E*la"tion (?), n. [L. elatio. See Elate.] A lifting up by success; exaltation; inriation with pride of prosperity. Felt the elation of triumph." Sir W. Scott."

I had never seen the word inriation before and my subsequent attempts to find a definition failed. It is not listed as a word in the 1913 dictionary, or any others that I've found.

Is there an example of this word in English literature? Is it made-up, a misspelling?
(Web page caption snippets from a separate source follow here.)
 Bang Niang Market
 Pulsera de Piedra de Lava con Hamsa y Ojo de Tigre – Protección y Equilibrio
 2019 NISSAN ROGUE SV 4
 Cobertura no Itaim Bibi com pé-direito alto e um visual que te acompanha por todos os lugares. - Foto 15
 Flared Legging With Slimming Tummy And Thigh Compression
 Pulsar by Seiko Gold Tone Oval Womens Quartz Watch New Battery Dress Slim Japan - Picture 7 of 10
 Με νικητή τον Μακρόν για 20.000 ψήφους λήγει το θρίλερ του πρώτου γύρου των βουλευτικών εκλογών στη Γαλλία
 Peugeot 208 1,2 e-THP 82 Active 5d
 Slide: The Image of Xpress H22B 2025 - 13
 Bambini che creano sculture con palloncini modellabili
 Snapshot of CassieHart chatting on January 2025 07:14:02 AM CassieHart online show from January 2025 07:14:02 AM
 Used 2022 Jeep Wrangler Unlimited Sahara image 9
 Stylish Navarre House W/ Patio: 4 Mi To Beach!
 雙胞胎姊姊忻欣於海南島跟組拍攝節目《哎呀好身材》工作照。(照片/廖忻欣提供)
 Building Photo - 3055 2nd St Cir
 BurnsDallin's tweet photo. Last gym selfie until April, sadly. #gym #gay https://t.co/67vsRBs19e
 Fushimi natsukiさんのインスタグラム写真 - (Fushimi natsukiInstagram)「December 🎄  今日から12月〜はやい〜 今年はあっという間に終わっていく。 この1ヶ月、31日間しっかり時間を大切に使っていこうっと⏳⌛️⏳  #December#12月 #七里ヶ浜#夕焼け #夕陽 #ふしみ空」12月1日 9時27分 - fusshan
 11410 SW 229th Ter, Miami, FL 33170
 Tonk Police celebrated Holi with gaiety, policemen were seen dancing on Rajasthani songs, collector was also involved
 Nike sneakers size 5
I can infer the definition from context, but is there any dictionary where inriation is defined?


1 Answer 1


inflation with pride of prosperity

It is most likely an OCR error concerning an exotic fl ligature being interpreted as ri -> inflation.

This maybe due to poor inking of the top left quadrant of the ligature in the original, or poor thesholding during the OCR. In either case this would lose the upper branch of the f, but the dot being the f terminal serif would remain.


  • pride is something which is often said to be pumped up or otherwise swolen or aerated.
  • I studied the OCR errors of noisy, hot-Lead typeset documents as part of my Computer Science doctorate.
  • 5
    I think you're right. The error has been perpetuated though; and at least one scholarly work also reproduces it.
    – Andrew Leach
    Commented Sep 8, 2014 at 22:45
  • 2
    Wow, it's scary that how all these dictionary are inter-linked. I can't find a definition that uses the correct word "inflation"
    – justhalf
    Commented Sep 9, 2014 at 2:04
  • 8
    So... due to a typographical error, inriation has become a word? Now all we gotta do is invent what it means, exactly, so that those dictionary definitions of elation make sense, but so that it's not redundant synonym for inflation...
    – hyde
    Commented Sep 9, 2014 at 4:34
  • Google Books gives some good examples: e.g. "inflation", but also with "variation" (and another "variation"). But you can see the "inflation of mind" definition in an earlier Webster's edition.
    – Dɑvïd
    Commented Sep 9, 2014 at 10:55
  • 1
    @Barmar Yeah, absolutely. I just hope the creator of the original mistake does not become too inriated with fame and start doing it on purpose with other words.